I was on a trip with the company Northern Hikes in this gorgeous wooded area just an hour and a half north of Prague. It’s a region where much of the Chronicles of Narnia movie was filmed, with dramatic rock towers and Europe’s largest sandstone bridge. I recognized specific scenes from the film, even though I saw it a decade ago. The locations are definitely memorable.
Krasna Lipa is not a big town, but it’s designated as the gateway to the national park and has a large tourist office in town where you can get maps, brochures, souvenirs, and even beer! A stroll along the main square brings you to the hub of local activity: Falkenstejn Brewery. With tables outside and in, plus glass walls where you can see the brewing equipment, it’s in a prime location for letting the day slide lazily by. Here’s the view from a table:
It’s probably best to do your drinking in the daytime here anyway in the summer because soon after the sun goes down, the pub closes up shop (at 10:30 sharp) and won’t even sell take-out beer as they’re cleaning up. The sidewalks roll up early in Czech towns and nothing here is open after that except a 24-hour honor system bar on the edge of town: Luční Bar.
The beer comes in three main varieties and a seasonal or two. I worked my way through all of them and even though I’m spoiled for choice in the USA, I would gladly order any of them at home. The food keeps up as well, with hearty Czech meat specialties joined by a few Italian options and two salads. The pork dishes and goulash are reliably good and our waitress spoke good English—never a given in the villages.
Rooms here are Euro-utilitarian and modern, ranging in size from 11 square meters (118 square feet) to small apartments with kitchen that are closer to 400 square feet. All are shower-only, with tile floors, small towels, and limited toiletries. WiFi is functional most of the time, but only the two apartments have a table to work at. Room are not air-conditioned, which is trouble when the thermometer hits the 90s Fahrenheit and there’s no fan. They are heated for the more common winter weather.
The included breakfast buffet may cheer you up in the morning though, in a sunny second-floor room with a history of the town (filled with Germans until after WW2) on the wall. There’s a good selection of cheeses, meats, hot egg dishes, fruit, and yogurt, though the coffee is instant only.

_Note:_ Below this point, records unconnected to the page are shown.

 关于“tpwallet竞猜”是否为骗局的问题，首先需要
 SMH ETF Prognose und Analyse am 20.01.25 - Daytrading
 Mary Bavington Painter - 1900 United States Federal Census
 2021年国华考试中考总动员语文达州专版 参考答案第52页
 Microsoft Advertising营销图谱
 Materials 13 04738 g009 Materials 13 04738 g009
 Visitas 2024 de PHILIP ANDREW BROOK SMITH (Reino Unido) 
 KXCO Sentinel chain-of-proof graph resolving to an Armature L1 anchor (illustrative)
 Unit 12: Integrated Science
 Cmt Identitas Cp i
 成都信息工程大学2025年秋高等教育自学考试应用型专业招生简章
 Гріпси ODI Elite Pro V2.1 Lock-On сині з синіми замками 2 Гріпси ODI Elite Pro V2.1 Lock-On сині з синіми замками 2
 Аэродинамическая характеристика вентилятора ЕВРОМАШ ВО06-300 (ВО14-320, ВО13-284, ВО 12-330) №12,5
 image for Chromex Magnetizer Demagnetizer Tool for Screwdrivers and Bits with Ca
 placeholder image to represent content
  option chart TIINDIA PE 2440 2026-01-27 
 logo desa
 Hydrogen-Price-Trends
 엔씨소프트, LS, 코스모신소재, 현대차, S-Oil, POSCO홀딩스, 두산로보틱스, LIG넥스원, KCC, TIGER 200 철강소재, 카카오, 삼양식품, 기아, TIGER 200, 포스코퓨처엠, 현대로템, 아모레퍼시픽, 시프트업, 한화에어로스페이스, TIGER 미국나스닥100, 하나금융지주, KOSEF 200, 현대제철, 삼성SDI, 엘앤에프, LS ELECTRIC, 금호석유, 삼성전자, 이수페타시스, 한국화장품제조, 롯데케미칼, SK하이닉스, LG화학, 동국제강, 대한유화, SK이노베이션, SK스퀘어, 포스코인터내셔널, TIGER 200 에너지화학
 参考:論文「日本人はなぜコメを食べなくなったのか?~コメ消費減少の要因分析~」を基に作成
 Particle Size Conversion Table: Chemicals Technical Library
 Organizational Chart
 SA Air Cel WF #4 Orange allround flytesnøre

Consider this more of a European bed and breakfast, or a pension, than a proper hotel as there are no services or amenities outside the brewery restaurant and breakfast. Rates are reasonable though, generally ranging from $70 to $125 double with breakfast and taxes. For now the official website is in Czech only, so you’ll have to translate, but you can also find it by doing a search at Booking.com.
Editor Tim Leffel was a guest of Pivovar Falkenstejn pension while on a multi-day tour of the region with Northern Hikes and Czech Tourism. As always, all opinions are his own, even after being plied with good beer.